The following are the supported prediction quality metrics for Regression models.
- Mean Square Error (MSE)
Mean squared error (MSE) measures the amount of error (also called residual) in regression models. It assesses the average squared difference between the observed and predicted values. When a model has no error, the MSE equals zero. As model error increases, its value increases. The mean squared error is also known as the mean squared deviation (MSD) and is calculated by dividing the sum of squared errors by the sample size.
- Mean Absolute Error (MAE)
The MAE is computed by taking the average of the absolute difference between the actual or true values and the values that are predicted by the regression model for every datapoint in the evaluation dataset. It is therefore measuring the average magnitude of errors of the predictions irrespective of whether the prediction was less than or greater than the actual value.

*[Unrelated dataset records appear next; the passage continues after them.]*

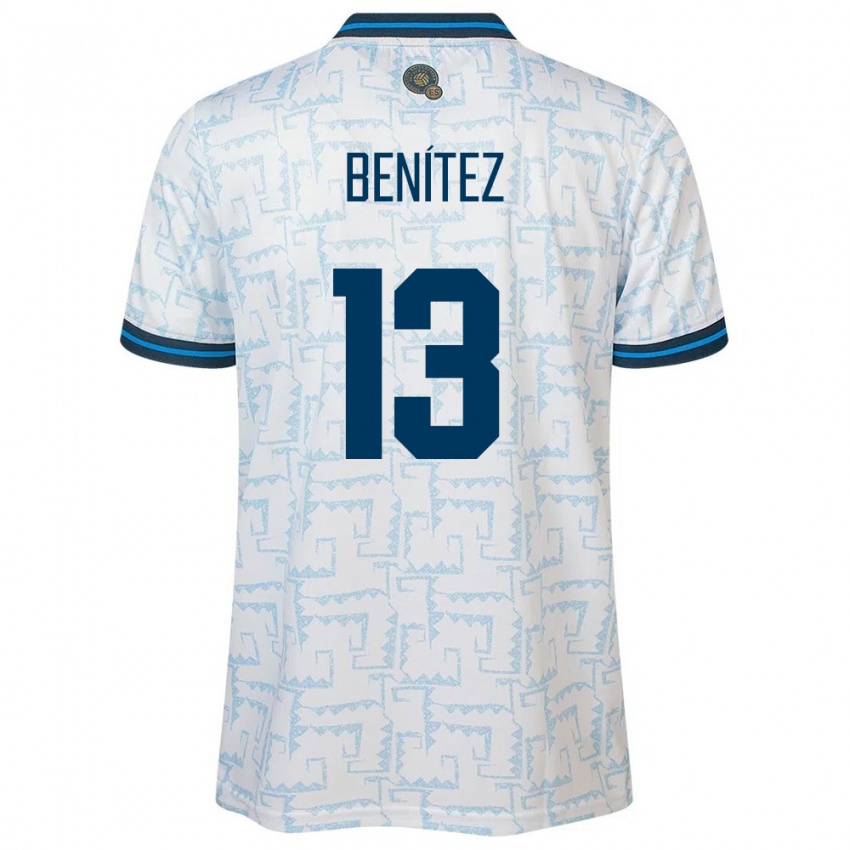 Heren El Salvador Tereso Benítez #13 Wit Uitshirt Uittenue 24-26 T-Shirt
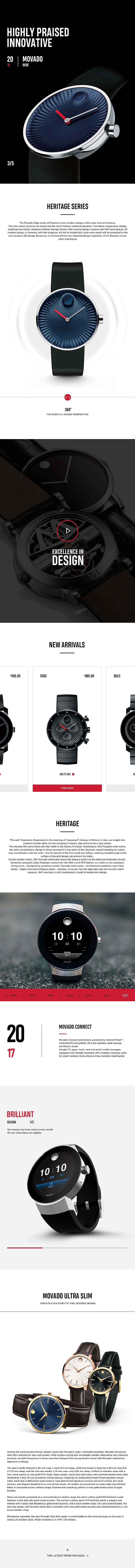 Movado Website Redesign#（图ZMTA4NzUwNTg4） - 企业官网 - 站酷设计师Sawyerchan原创素材 - 站酷ZCOOL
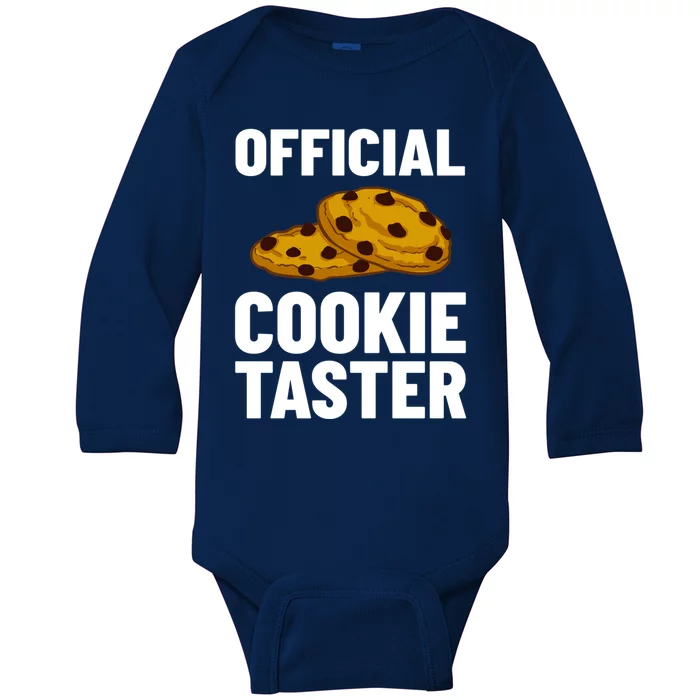 Chocolate Chip Cookie Recipe Dough Almond Great Gift Baby Long Sleeve Bodysuit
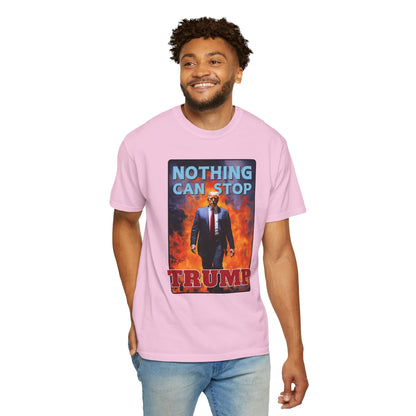"Nothing Can Stop Trump", Unisex T-shirt (Light Colors)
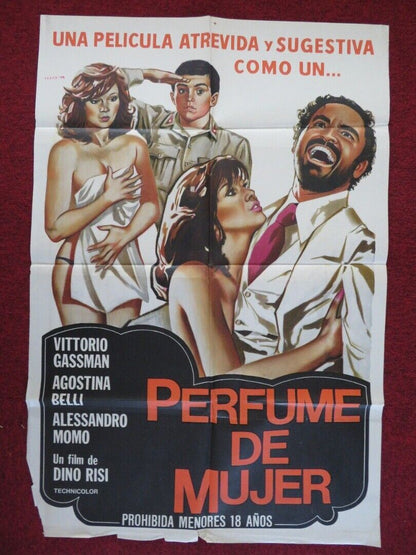 PERFUME DE MUJER / SCENT OF A WOMAN SPANISH ONE SHEET FOLDED POSTER 1974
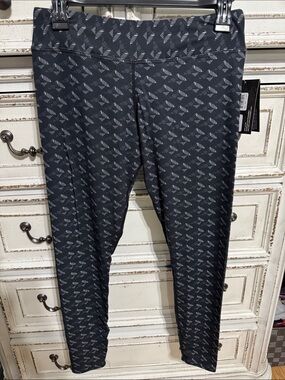 Hot Chillys MTF Print Tight Peaks Black Patterned Leggings Small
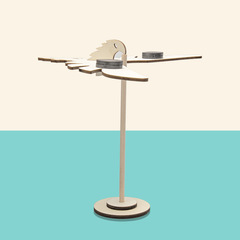 Science and technology small production balance bird handmade DIY center of gravity eagle scientific experiment equipment wooden assembled toys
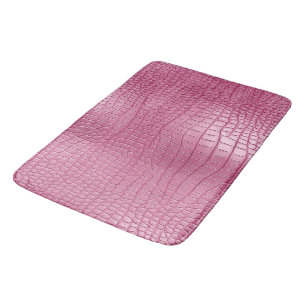 Tapis De Bain Poster de animal d'alligator rose Faux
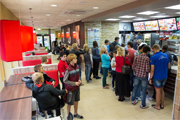 Первым рестораном быстрого питания в Видном стал Burger King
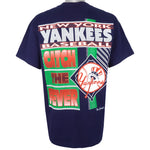 MLB (The Game) - New York Yankees Catch The Fever T-Shirt 1990s Large Vintage Retro Baseball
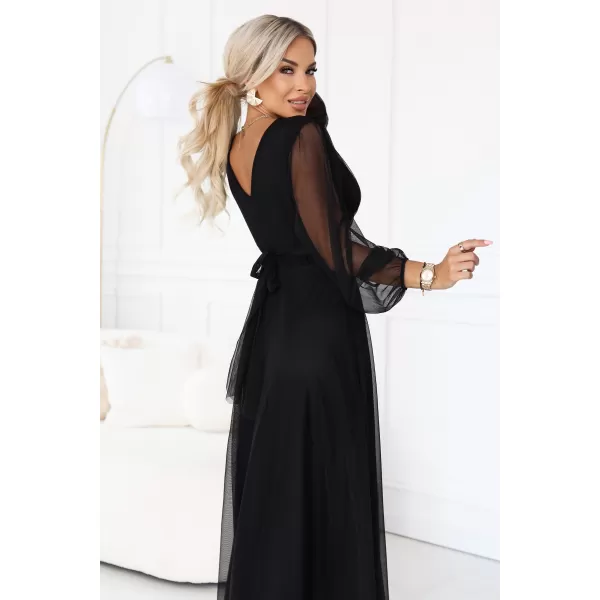  Rochie NUMOCO NERISSA 684-4 NEGRU 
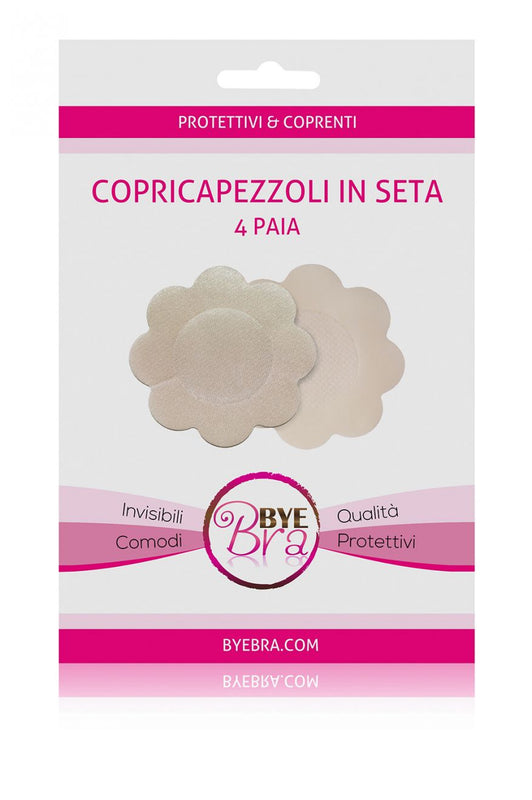 Cache-tétons en soie - Nude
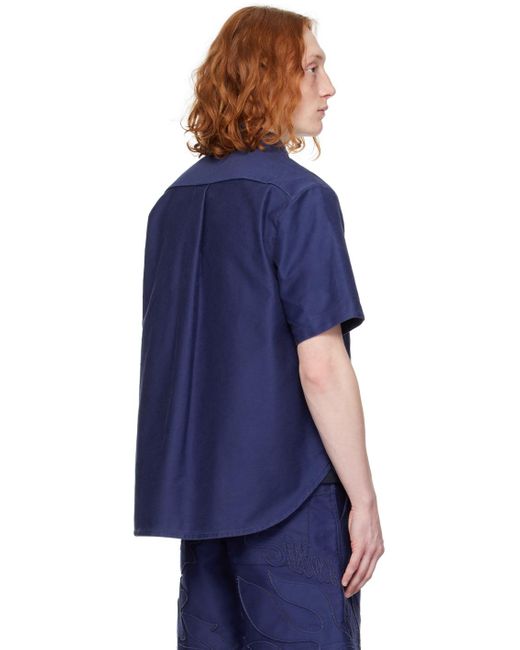 Sacai Blue Patch Pocket Shirt for men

- Mean Absolute Percentage (MAPE)
Mean absolute percentage error (MAPE) is commonly used as a loss function for regression problems and in model evaluation. It is the percentage equivalent of MAE and as it is a percentage is an intuitive way to quantify on average how far the model’s predictions are off from the actual values. Both MAPE and MAE are robust to outliers but have the disadvantage of being biased towards predictions that are less than the actual values themselves.
- R-Squared (R2)
R-Squared (R2) is a statistical measure of how close the data is to the fitted regression hyperplane.It is defined as the percentage of variation in the target variable that is explained by the regression model. R-Squared (R2) lies between 0 and 1 ( or 0% and 100%) and 0 (0%) indicates that the model explains none of the variability of the target data around its mean and 1 (100%) indicates that the model explains all the variability of the target data around its mean
- Gini (Normalized)
The (normalized) Gini coefficient gets its inspiration from the Lorentz curve in economics and is typically used when the datasets are imbalanced i.e there are big (and) small values in the dataset. In the context of regression models, the equivalent of the Lorenz curve is built using the predicted values of the target variable as opposed to “income” that is used in the case of economics models. The Gini coefficient is then defined as the area under the Lorenz curve. Dividing the Gini coefficient computed from the Lorenz curve of the predictions by the Gini coefficient computed from the actual values results in a normalized Gini coefficient for regression models.